_TASK GOAL_:
Set down exactly the lines running from the one with "6453 Costa Circle Naples FL 34113" to the last line of the listing below, both included, and skip every picture.

_INPUT DATA_:
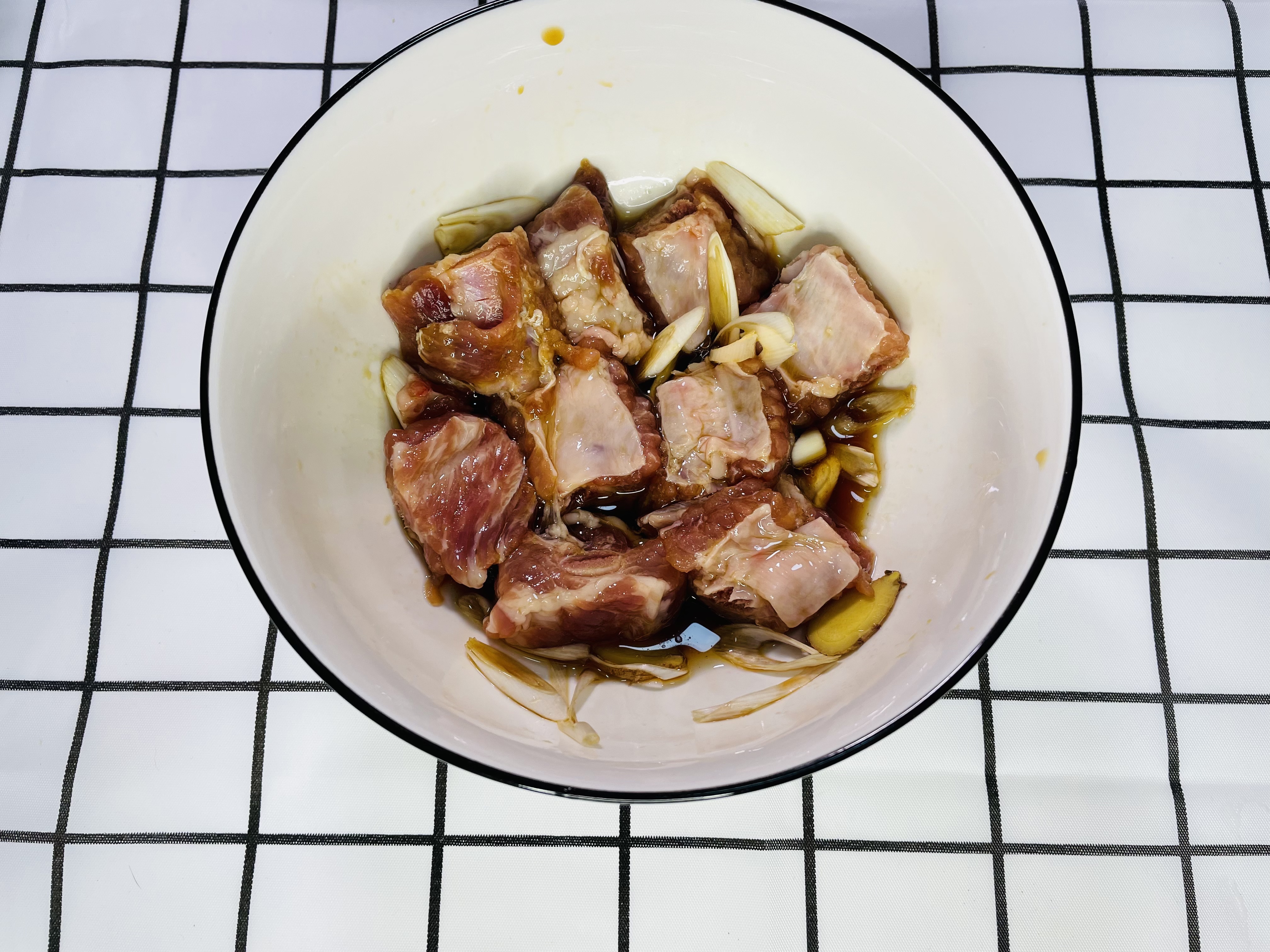 粉蒸排骨最正宗的做法步骤,教你正宗粉蒸排骨做法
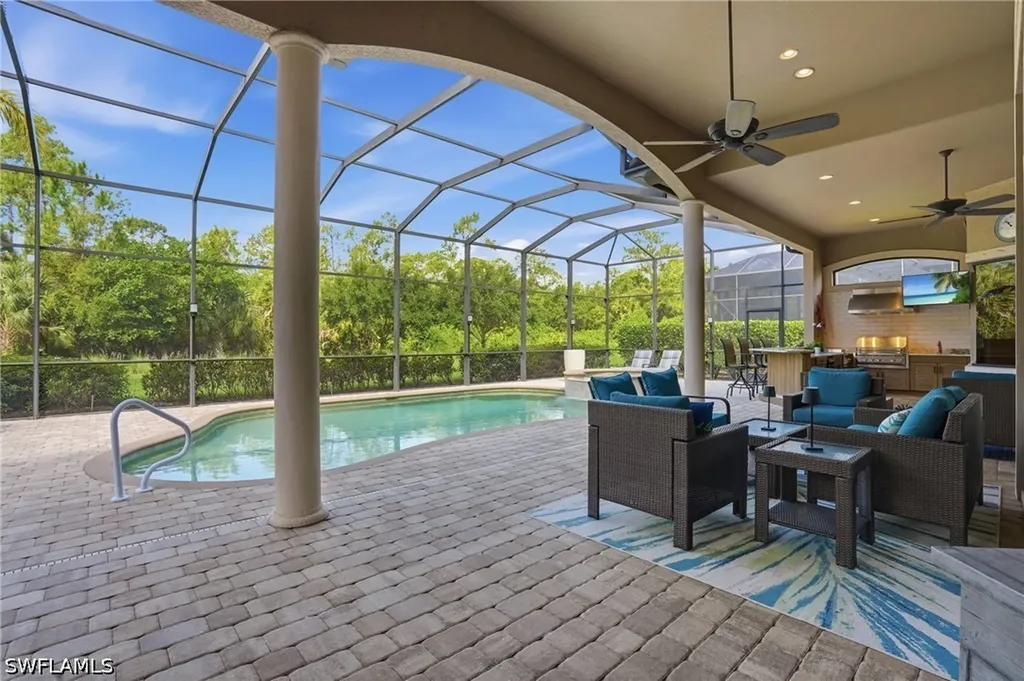 6453 Costa Circle Naples FL 34113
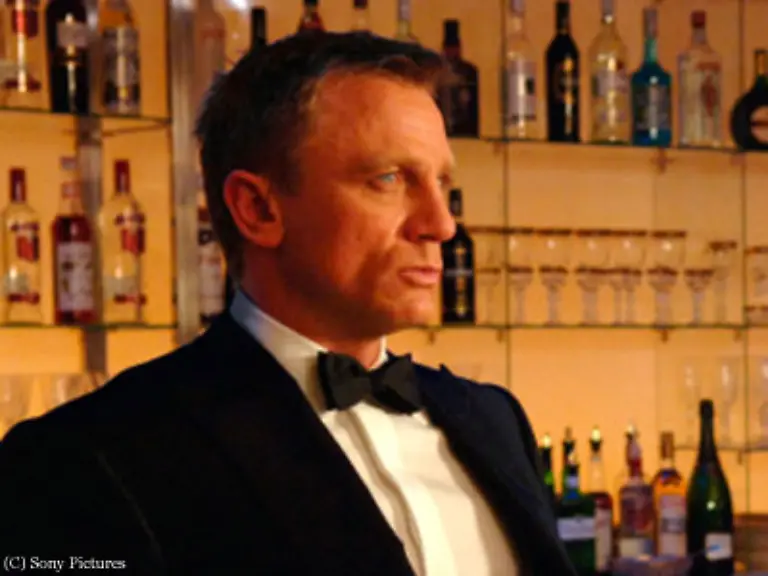 Auch-auf-vertraute-Trinkgewohnheiten-darf-man-hoffen-schon-zu-Beginn-seiner-Karriere-nimmt-Bond-den-Martini-geruehrt-und-nicht-geschuettelt
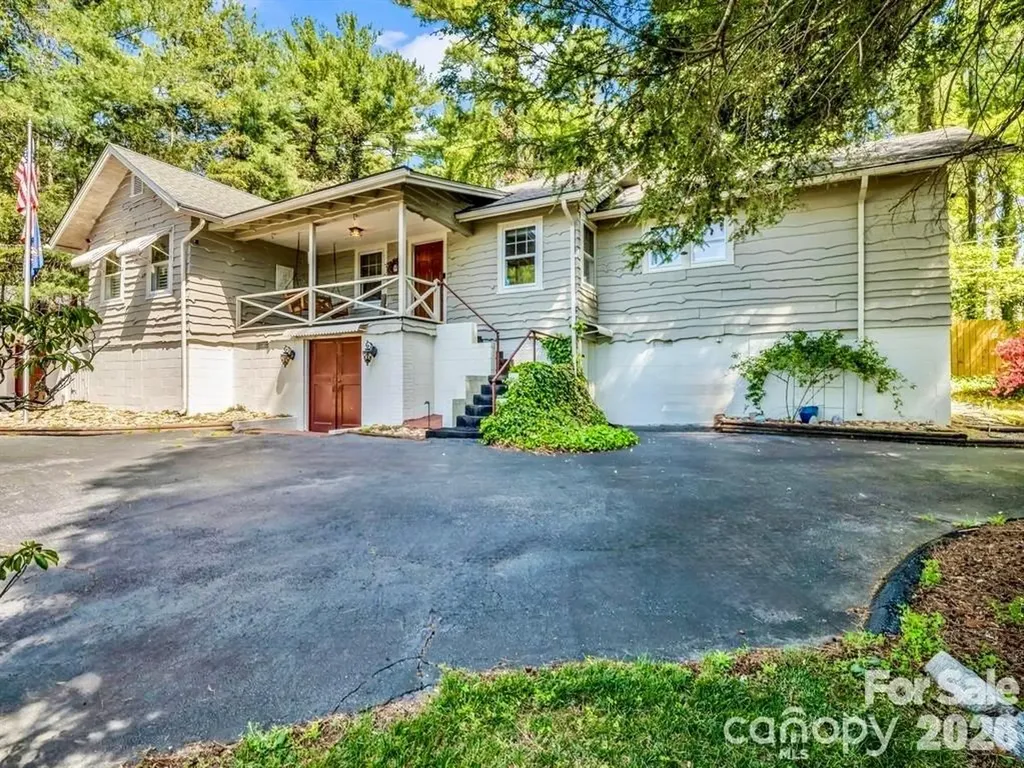 110 Chariton Avenue Hendersonville NC 28739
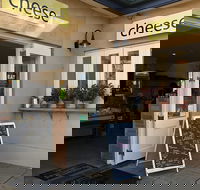 Small Group Adelaide Hills and Hahndorf Hideaway Tour from Adelaide - Australia Accommodation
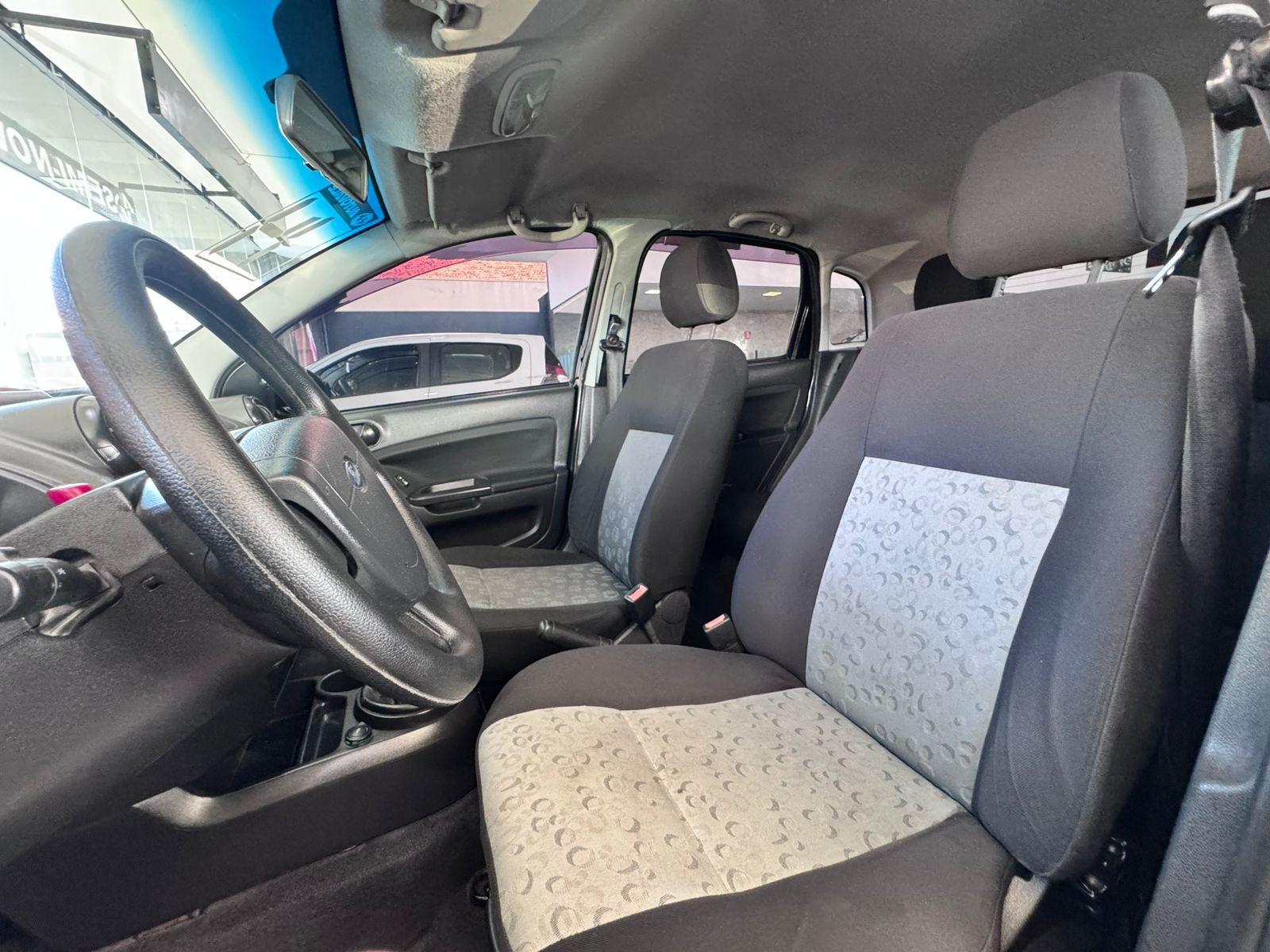 FORD Fiesta Hatch - Foto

_SOLUTION TO THE EXERCISE_:
 6453 Costa Circle Naples FL 34113
 Auch-auf-vertraute-Trinkgewohnheiten-darf-man-hoffen-schon-zu-Beginn-seiner-Karriere-nimmt-Bond-den-Martini-geruehrt-und-nicht-geschuettelt
 110 Chariton Avenue Hendersonville NC 28739
 Small Group Adelaide Hills and Hahndorf Hideaway Tour from Adelaide - Australia Accommodation
 FORD Fiesta Hatch - Foto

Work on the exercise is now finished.